How is GPR174 being investigated as a potential therapeutic target, and what role do antibodies play in this research?

GPR174 has emerged as a promising therapeutic target for several conditions, with antibodies playing crucial roles in target validation and mechanism elucidation:

• Ischemic vascular diseases: Recent research has identified Treg GPR174 as a potential therapeutic target for treating ischemic vascular diseases, such as peripheral arterial disease (PAD). In a hindlimb ischemia mouse model, GPR174 deficiency mitigated inflammatory response and improved endothelial cell proliferation and survival by promoting amphiregulin (AREG) secretion.

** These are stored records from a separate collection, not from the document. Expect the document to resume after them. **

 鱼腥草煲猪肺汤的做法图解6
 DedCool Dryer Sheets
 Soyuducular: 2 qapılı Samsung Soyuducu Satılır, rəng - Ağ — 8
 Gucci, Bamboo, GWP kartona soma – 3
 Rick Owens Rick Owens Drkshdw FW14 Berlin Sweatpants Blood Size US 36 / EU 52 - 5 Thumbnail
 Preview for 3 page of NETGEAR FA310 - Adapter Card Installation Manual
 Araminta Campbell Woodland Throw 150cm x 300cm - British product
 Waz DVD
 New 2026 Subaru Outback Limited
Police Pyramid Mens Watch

Antibodies have been instrumental in confirming these effects through immunofluorescence staining of vessels, which demonstrated increased arteriogenesis post-hindlimb ischemia in GPR174-deficient mice .

• Autoimmune disorders: GPR174 has been reported as a genetic risk locus for Graves' disease, an autoimmune disorder causing hyperthyroidism. Antibody-based research is helping elucidate how GPR174 signaling contributes to autoimmune pathogenesis, potentially through its role as a negative regulator of T-cell activation. Understanding these mechanisms is critical for developing targeted therapies for autoimmune conditions .

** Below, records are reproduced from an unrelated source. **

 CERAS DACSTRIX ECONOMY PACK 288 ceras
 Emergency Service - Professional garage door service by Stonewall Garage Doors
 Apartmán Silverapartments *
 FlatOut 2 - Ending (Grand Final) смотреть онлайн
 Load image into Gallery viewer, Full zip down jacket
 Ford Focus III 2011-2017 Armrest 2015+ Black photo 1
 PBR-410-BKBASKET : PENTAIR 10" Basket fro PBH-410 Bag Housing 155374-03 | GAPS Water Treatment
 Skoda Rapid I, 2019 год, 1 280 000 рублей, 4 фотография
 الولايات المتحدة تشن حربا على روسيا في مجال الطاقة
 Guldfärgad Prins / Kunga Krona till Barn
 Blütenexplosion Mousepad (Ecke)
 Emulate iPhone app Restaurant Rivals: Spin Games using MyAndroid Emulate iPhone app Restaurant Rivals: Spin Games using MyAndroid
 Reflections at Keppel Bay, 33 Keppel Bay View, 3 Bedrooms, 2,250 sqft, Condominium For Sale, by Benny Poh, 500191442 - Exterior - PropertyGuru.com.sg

• Small molecule inhibitor development: Researchers have identified several compounds that modulate GPR174 activity, with potential applications in cancer, nervous system diseases, and neuroregeneration. Antibodies are essential for validating these compounds' effects on receptor expression, localization, and downstream signaling. Compounds like those in Group I have shown varying EC50 values for GPR174 activity modulation and different effects on Gs signaling, suggesting diverse therapeutic potential .

• Sepsis management: GPR174 plays an important role in the initial period of sepsis through regulating macrophage polarization and pro- and anti-inflammatory cytokine secretions. Antibody-based detection of GPR174 expression and signaling pathways in sepsis models is providing insights into potential intervention strategies that could modulate the inflammatory response in this life-threatening condition .

What recent discoveries about GPR174 signaling mechanisms have been facilitated by antibody-based research?

Antibody-based research has enabled several significant discoveries about GPR174 signaling mechanisms:

How are new technological advances enhancing the applications of GPR174 antibodies in research?

Recent technological advances are expanding and refining the applications of GPR174 antibodies:

• Improved screening methodologies: Comparison of different screening platforms like CRA (cAMP response assay) and FLIPR (fluorescence imaging plate reader) has enhanced the identification of GPR174 modulators. Studies comparing these methods across different GPCRs, including GPR174, have shown varying success rates in identifying compounds that affect receptor function. These advances are accelerating the discovery of potential therapeutic agents targeting GPR174 .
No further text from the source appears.